For to retell stories is not the same thing as being sympathetic to them. This point is well made in the last essay, Thomas Jenkins on two French Heavy Metal retellings of the Odyssey from the late 60s and early 80s. Neither was comfortable with the idea that Odysseus could be content to go home to stay and live happily ever after with Penelope. Tennyson didn’t like that either, but here the problem is the boredom of monogamy after decades of sexual adventure.

Benjamin Stevens’s perceptive piece on Kingdom Come works well with its intertextual Biblical resonances to show just how sophisticated a reader is presupposed by this morality tale mash-up of superhero myth and scriptural prophecy.

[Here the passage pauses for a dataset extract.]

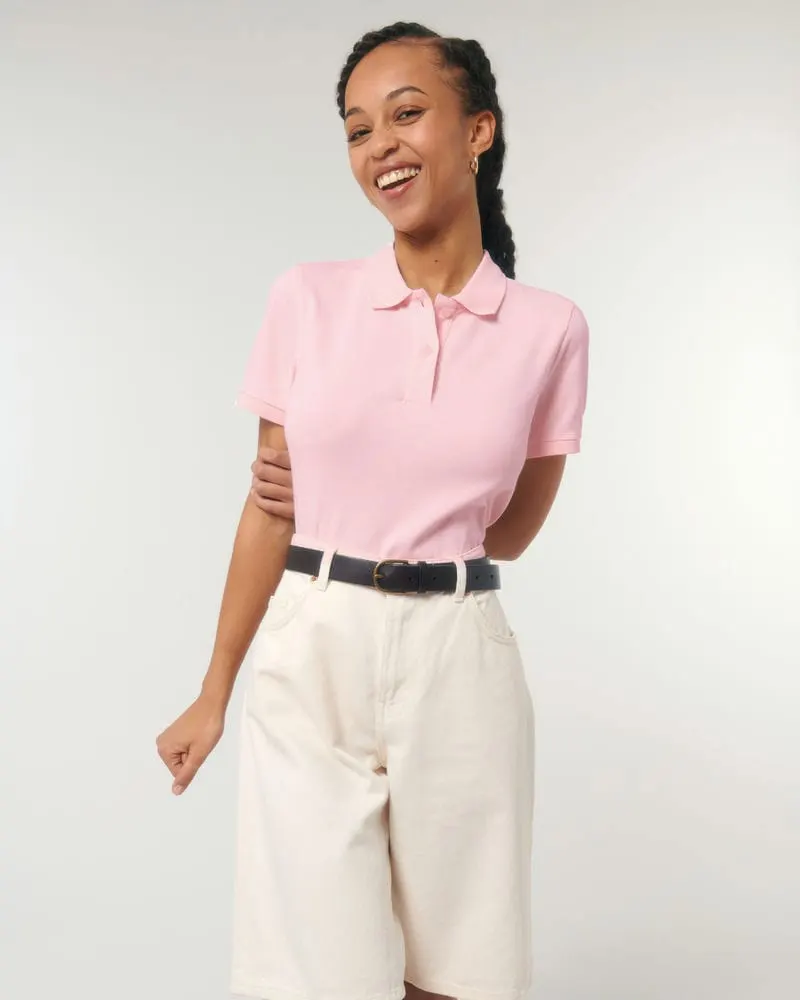 Stanley And Stella Elliser Womens Fitted Pique Short Sleeve Polo Stpw333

The whole volume could have made more room for such issues of intertextuality, for the use of comic characters as intertexts for classical characters and classical themes when no explicit mention is made of the classical world at all, beyond the confines of the Hero’s Journey. The classical hero is torn between the world of the gods, which is denied him, and the world of mortals, where by virtue of his god-like excellence he does not belong. His agony is a longing for transcendence; his story is of the grudging acceptance of the world of mortals and mortality. Shanower has no room for this, though other modern tales of ancient heroes come close (see R. Clinton Simms on Oeming’s Ares: God of War). But what is the story of the Silver Surfer (to return to my youth) but this view of the hero translated? Not a Superman or a Frankenstein but a reluctant Messiah, the Surfer longs for the heavenly world that Galactus (who created him) has denied him, and he often hates the mortals whose cause he finds himself compelled to champion. The Marvel Universe learned something here, I think, from classical mythology that it did not label as such.